И вот новое занятие: ремонт и даже шитье обуви. Купил он специальную швейную машину и всевозможную фурнитуру… Для первоначального обучения поступил в сапожную мастерскую. Быстро стал лучшим мастером, и к нему начала выстраиваться очередь заказчиков. Зарабатывал он, тем не менее, очень мало, так как каждую пару обуви старательно и долго доводил до совершенства. А дома всем знакомым чинил обувь бесплатно. Ему больше, чем заработать, хотелось помочь людям. Мастерам в сапожной мастерской все это не понравилось, и Леонид, чтобы не нарушать мира, ушел оттуда. «Первые сапоги сын сшил мне, – вспоминает Нина Андреевна. – Уж до того нарядные вышли сапожки и прочные, что и поныне целы… Одной бабушке сшил сапоги, так она все Бога за него молила: "У меня, – говорит, – такой удобной и красивой обувки во всю мою жизнь не было"».

Но заработка не было, не шел и рабочий стаж… Леонид поступил скотником на ферму, в ночную смену. Скотники других смен своей работы почти не делали, и Леонид убирал за всех – ему жаль было коров, не хотелось ему, чтобы они стояли в грязи. Но и тут, ради сохранения мира, так как скотники сердились на него, он уступил: ушел.

Интересовался Леонид травами, изучал их целебные свойства, собирал рецепты. Не стал есть мяса, голодал по какой-то системе. Поехал на заработки в Забайкалье, но там его систематически обворовывали, причем он это воспринимал спокойно, говоря, что «им, видно, нужнее…» Зная, кто и что украл, он воров не преследовал.

Семья в Братске наконец получила квартиру. Младший брат Леонида Александр женился. Сестры подросли, начали также работать. А Леонид не думал о каком-то устройстве своей жизни. Молчаливый и задумчивый, он подолгу читал или просто сидел в глубоком размышлении… О чем? Это один Господь знает. Но вдруг, неожиданно для родных, он уехал на Алтай, в Бийск, где жил его дядя, брат матери. Но Леонид не стал жить у дяди, вероятно – снял комнату. Дядя же, зайдя однажды в городской собор, вдруг увидел племянника одетым в стихарь… Леонид был чтецом, прислуживал в алтаре. Кроме того, в то время он трудился на восстановлении храма в селе Шубенка близ Бийска. Он был главным деятелем в хлопотах по его открытию – составлял прошения, собирал подписи, ездил в городские учреждения… Бийские власти не разрешили открыть в этом селе храма.

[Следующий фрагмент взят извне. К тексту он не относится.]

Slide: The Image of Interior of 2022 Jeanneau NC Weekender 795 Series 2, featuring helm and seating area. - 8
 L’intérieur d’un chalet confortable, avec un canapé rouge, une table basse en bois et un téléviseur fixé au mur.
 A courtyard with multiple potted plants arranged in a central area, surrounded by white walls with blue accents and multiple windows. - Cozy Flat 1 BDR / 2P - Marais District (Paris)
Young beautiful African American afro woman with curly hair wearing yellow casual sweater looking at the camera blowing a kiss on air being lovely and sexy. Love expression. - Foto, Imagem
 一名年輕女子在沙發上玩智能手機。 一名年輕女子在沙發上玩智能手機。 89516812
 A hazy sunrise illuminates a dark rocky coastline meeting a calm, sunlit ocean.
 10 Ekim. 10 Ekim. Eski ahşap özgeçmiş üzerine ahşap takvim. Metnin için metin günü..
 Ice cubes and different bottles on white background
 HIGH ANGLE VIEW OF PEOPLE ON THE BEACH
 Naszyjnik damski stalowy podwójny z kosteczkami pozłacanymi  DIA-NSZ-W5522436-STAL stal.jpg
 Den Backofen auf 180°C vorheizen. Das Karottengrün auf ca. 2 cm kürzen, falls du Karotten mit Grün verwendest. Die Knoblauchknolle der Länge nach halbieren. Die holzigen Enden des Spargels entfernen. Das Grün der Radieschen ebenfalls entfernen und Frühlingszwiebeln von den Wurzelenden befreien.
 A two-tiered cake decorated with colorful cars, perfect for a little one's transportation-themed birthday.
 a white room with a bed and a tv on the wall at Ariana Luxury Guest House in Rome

На Троицу 1990 года в Бийске произошло событие, описанное тогдашним знакомым Леонида Иваном: «Вечером родительской субботы мы шли с Леонидом на всенощную в храм. Вдруг он припал на колени и сказал: "Смотри, брат!" – и мы увидели на траве икону Святой Троицы необыкновенной красоты: три юноши в белых одеждах… Леонид сказал: "Неужели, брат ты мой, это смерть моя?" Я ответил: "Ты молод и должен много полезного совершить. Не надо думать о смерти"… Мы подошли к о. Петру под благословение. В это время светило солнце и при солнце пошел редкий и теплый дождь. На нашу просьбу освятить икону о. Петр сказал, что ее освятил Господь».

Леонид купил билет до Калуги, намереваясь поехать в Оптину Пустынь. Враг нашего спасения не дал ему, однако, уехать спокойно. У него украли деньги, кажется, и билет. Потом явились новые препятствия… Леонид сказал: «Хоть по шпалам, а уйду в монастырь». Но вот один священник из Бийска организовал паломническую поездку в Оптину Пустынь – с ним отправился туда и Леонид.

2

В августе 1990 года Леонид приехал в Оптину Пустынь, где начал трудиться на послушаниях. Вскоре он заметил в себе большую перемену. Всю свою молодость он чего-то искал, не удовлетворяясь полностью ни одним делом. В миру, кажется, никому не рассказывал о своей внутренней жизни, искании веры, – во всяком случае, решение его сначала трудиться в храме, а потом идти в монастырь созревало тайно. Говоря о разнообразии его занятий в миру, надо, вероятно, выделить главное: поиски Бога. Нет сомнений, что они двигали им. Вернее – Сам Господь вел его. Недаром, как только он оказался в Оптиной, его покинуло беспокойство, исчезла усталость и скорбность напряженных размышлений. Многое стало ясно. «Как же я раньше не знал про монашество! – сказал он. – Я бы сразу ушел в монастырь». Благодушие и веселость о Господе наполнили его душу.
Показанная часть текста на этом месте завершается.